Weg mit der Kernkraft und auch die Kohle soll möglichst bald aus dem Energiemix Deutschlands verschwinden. Somit bleibt Gas als Stromlieferant, der vor allem in Zeiten von Dunkelflaute dafür sorgen soll, dass in Deutschland die Lichter nicht ausgehen. Dumm nur, dass der Ukraine-Krieg nun brutal vor Augen führt, was eigentlich schon immer klar war: Die Abhängigkeit von Russlands Erdgas ist und bleibt ein kapitaler Fehler. Nordstream2, welche ein integraler Teil der deutschen Energiewende hätte werden sollen, musste aufgrund der Aggression Putins aufgegeben werden. Billiges Gas aus Russland dürfte damit Geschichte sein. Es erstaunt daher nicht, dass grosse Teile der Deutschen die Vorzüge der Kernkraft wieder entdecken.: Sie stossen fast kein CO2 aus. Nüchtern betrachtet ist klar: Deutschland steht vor der Wahl entweder vermehrt auf Kohlestrom zu setzen – mit den entsprechend hohen CO2-Emmissionen – oder die Kernkraftwerke weiter laufen zu lassen. Wobei auch bei der Kohle eine grosse Abhängigkeit von Russland besteht. Wie es scheint, ist für viele in Deutschland klar, was die bessere Option ist. Spannend: selbst 32 Prozent der Grünen hat bei der Umfrage für eine Verlängerung der Kernkraftwerke votiert.
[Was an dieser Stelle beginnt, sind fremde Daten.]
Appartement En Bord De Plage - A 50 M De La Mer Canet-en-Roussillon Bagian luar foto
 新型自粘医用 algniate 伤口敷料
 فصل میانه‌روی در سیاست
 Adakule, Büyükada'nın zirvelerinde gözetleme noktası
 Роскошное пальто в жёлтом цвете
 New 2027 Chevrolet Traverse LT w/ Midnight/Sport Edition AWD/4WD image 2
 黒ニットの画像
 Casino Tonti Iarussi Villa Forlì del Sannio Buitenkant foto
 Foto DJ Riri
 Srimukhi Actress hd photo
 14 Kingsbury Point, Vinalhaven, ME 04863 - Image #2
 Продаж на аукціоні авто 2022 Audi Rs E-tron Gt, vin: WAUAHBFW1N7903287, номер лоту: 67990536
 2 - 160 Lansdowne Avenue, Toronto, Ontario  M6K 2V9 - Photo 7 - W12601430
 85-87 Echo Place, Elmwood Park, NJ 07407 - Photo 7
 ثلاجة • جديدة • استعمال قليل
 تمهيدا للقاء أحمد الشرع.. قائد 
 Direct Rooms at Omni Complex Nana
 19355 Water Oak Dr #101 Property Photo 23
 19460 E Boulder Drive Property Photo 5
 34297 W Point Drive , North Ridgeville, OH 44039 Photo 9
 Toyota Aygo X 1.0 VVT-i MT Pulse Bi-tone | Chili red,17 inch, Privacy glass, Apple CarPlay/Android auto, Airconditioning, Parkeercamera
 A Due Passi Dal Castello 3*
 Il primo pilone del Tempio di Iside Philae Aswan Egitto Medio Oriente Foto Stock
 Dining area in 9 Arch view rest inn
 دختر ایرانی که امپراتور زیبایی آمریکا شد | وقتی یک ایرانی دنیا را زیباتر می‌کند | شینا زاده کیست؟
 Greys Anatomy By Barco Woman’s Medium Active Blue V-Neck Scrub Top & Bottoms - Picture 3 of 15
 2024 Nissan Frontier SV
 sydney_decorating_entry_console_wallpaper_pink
Trotzdem scheint man es in die Regierung anders zu sehen. Gemäss verschiedener Aussagen soll an den Ausstiegsplänen festgehalten werden. Der grüne Minister Robert Habeck wollte die Kernkraft nicht «ideologisch abwehren». Doch glaubt er, dass es sich nicht lohnen würde, die Kernkraftwerke weiter zu betreiben und Kohlekraftwerke sinnvoller als AKW seien. Die Industrie widerspricht. Die Werke könnten noch immer sicher und vor allem rentabel betrieben werden.
Dass selbst die deutsche Regierung lernfähig ist, zeigte sich dieser Tage bei der Verteidigungspolitik. Nach Jahrzehnten des Abrüstens musste man schnell dazulernen: 100 Milliarden Euro zusätzlich sollen in die Verteidigung fliessen. Ein Paradigma-Wechsel sondergleichen. Es bleibt zu hoffen, dass es auch in der Energiepolitik zu einem Umdenken kommt. Mit der Realität kann man nicht verhandeln. Dies wird sich auch noch bei der deutschen Energiepolitik zeigen.